The battle of the sexes rages on at the Romanian Film Festival
A touching moment of father-daughter stalemate in The Happiest Girl In The World.
The shockwaves from the fall of the Iron Curtain still course through Romania's contemporary filmmakers, who absorb them with movies that range from tragic to serio-comic. Not surprisingly, this only helps to shake up the old-fashioned tug-of-war between men and women, not to mention some backward attitudes. This week’s fourth annual Romanian Film Festival (running Thursday through Saturday at the Madison Museum Of Contemporary Art) features 11 films covering everything from dead hookers to learning to drive stick while being mugged. Although the festival doesn’t necessarily intend to focus on the theme of changing gender roles and the conflict that comes with them, the films The A.V. Club watched ahead of time included plenty of male behavior that makes your average drunken jock-brah look like a militant feminist.
The Happiest Girl In The World (Friday, 9 p.m.)

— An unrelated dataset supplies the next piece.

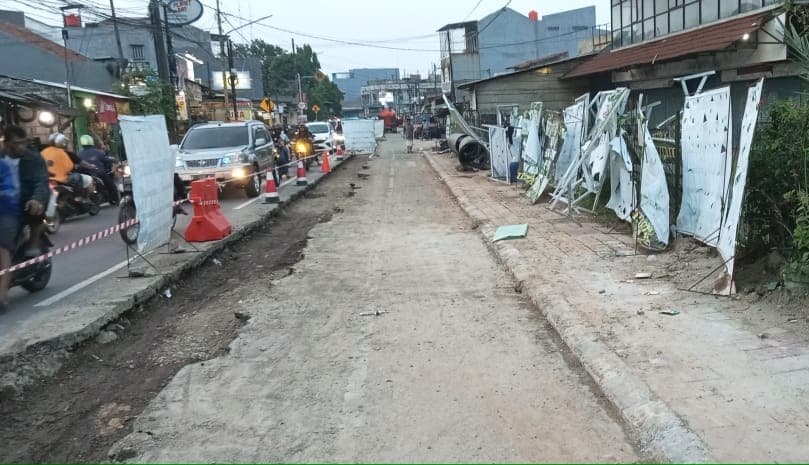 Proyek Galian Pipa Perumda Tirta Kerta Raharja Rugikan Pemkot Tangerang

High-schooler Delia has won a fancy new sports car in a contest for a juice company, but has to appear in a commercial before she can claim her prize. Her parents dress her up and drive her into Bucharest, the alluring big city full of excitement that her parents cannot wait to escape. Unfortunately for them, production team's bickering and Delia’s awkward acting skills keep delaying the process, causing a 90-second commercial to take an entire hot summer day to shoot. Radu Jude's comedy slowly drags along, resting entirely on the conflicts that emerge as a girl moves from childhood to adulthood, setting the stifling control of Delia’s father against the dangers of city life that he aims to protect her from. These dangers loom in the form of salty, sexist production crew members and cruelly superficial advertising people who pick apart the poor girl’s looks in every shot they review.
Time to call Gloria Steinem: Delia's father tells his wife to fuck off as he presses his daughter to sell the car she won so he can use the money to retire early and pay for Delia’s schooling. When she refuses, he disowns her. When she comes to apologize a bit later, her mother scolds Delia for “making your father cry.” Wait, who’s the asshole here?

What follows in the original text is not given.